### PROBLEM REQUIREMENTS
Down to the last line, restate the records word for word, but not the pictures.

(Excerpts from a dataset)
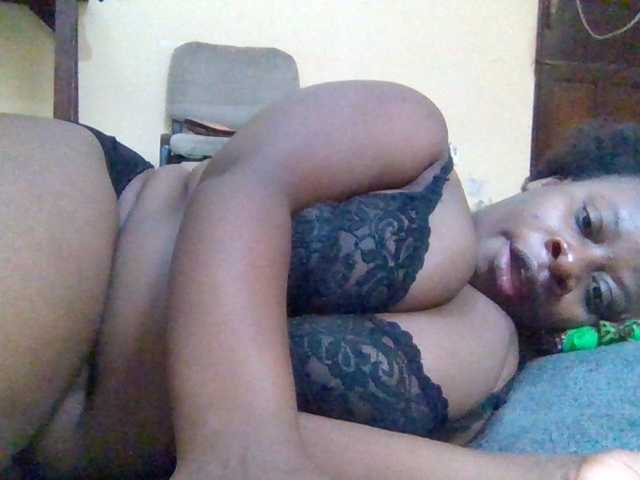 Swityass24 live cam on BongaCams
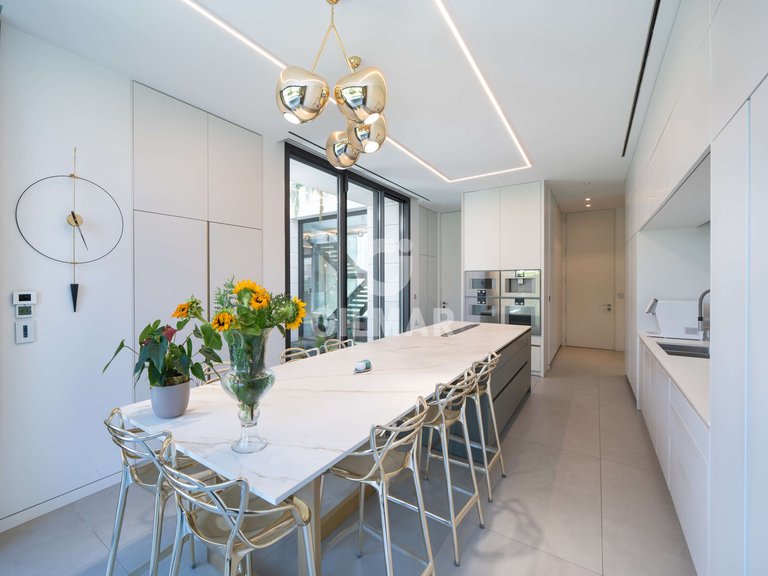 Villa for Sale in Madrid, Madrid 12
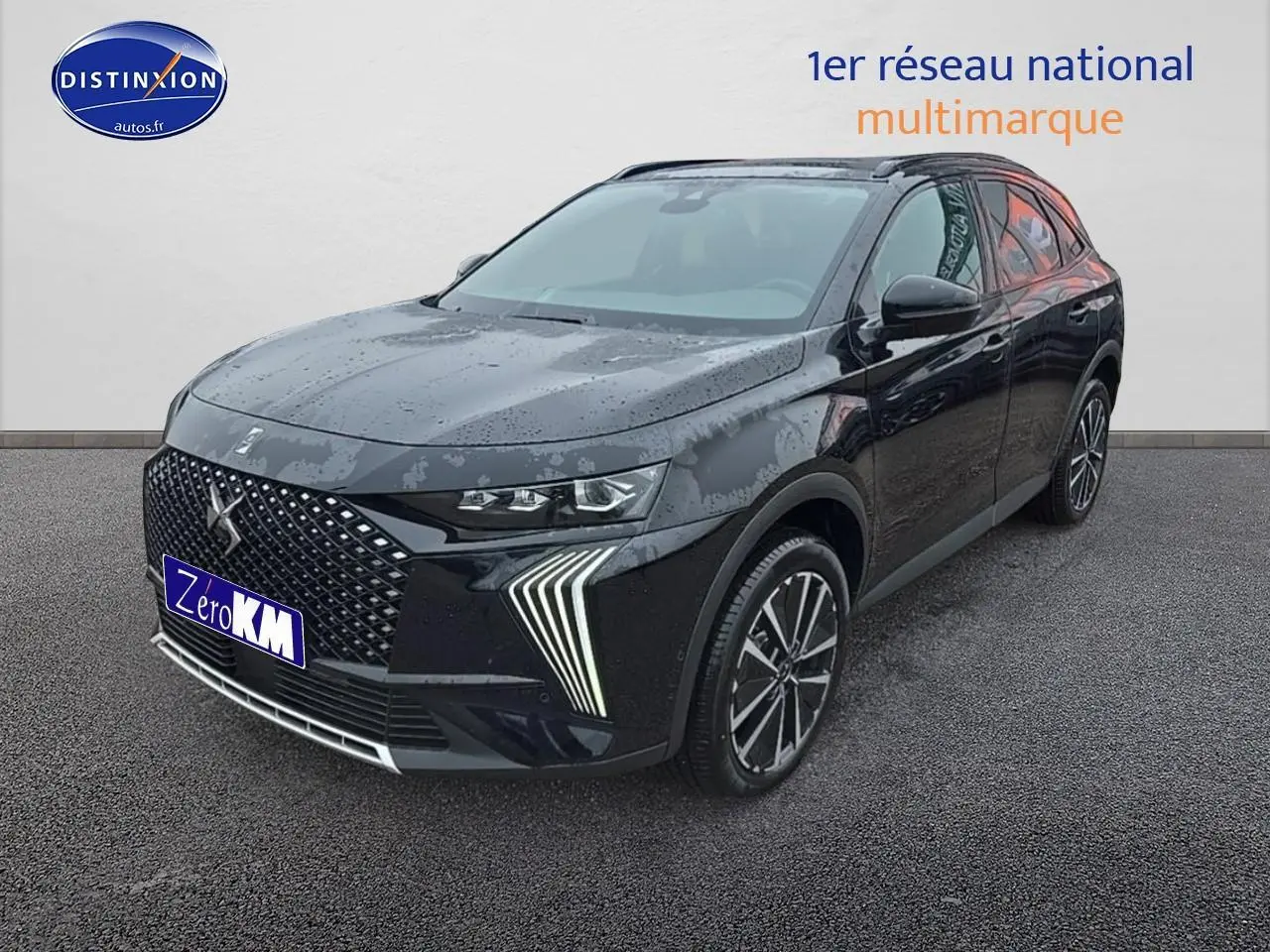 DS7 1.5 BlueHDi 130 Pallas noir en 3/4 avant droit avec signature lumineuse LED distinctive et jantes alliage.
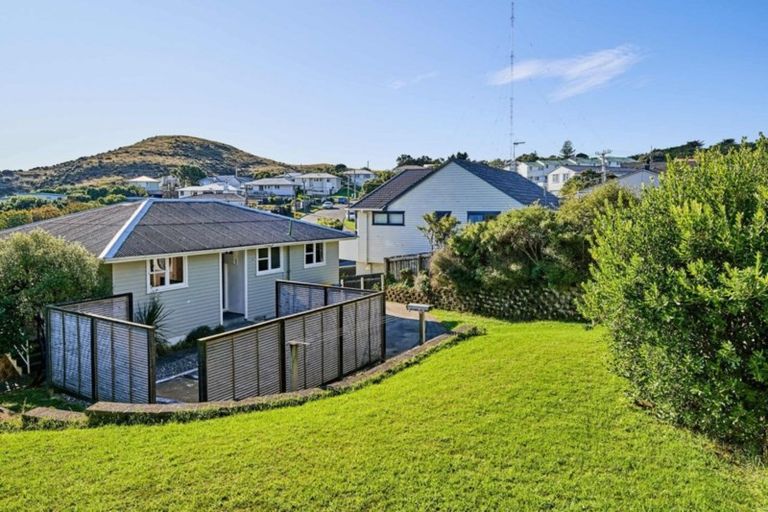 Photo of property in 153 Dimock Street, Titahi Bay, Porirua, 5022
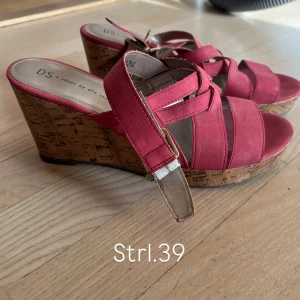 Röda kilklack sandaler strl 39 - Korallfärgade skor med korkliknande kilklack och öppen tå, perfekta för varma dagar.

### ANSWER FOR THIS EXERCISE
 Swityass24 live cam on BongaCams
 Villa for Sale in Madrid, Madrid 12
 DS7 1.5 BlueHDi 130 Pallas noir en 3/4 avant droit avec signature lumineuse LED distinctive et jantes alliage.
 Photo of property in 153 Dimock Street, Titahi Bay, Porirua, 5022
 Röda kilklack sandaler strl 39 - Korallfärgade skor med korkliknande kilklack och öppen tå, perfekta för varma dagar.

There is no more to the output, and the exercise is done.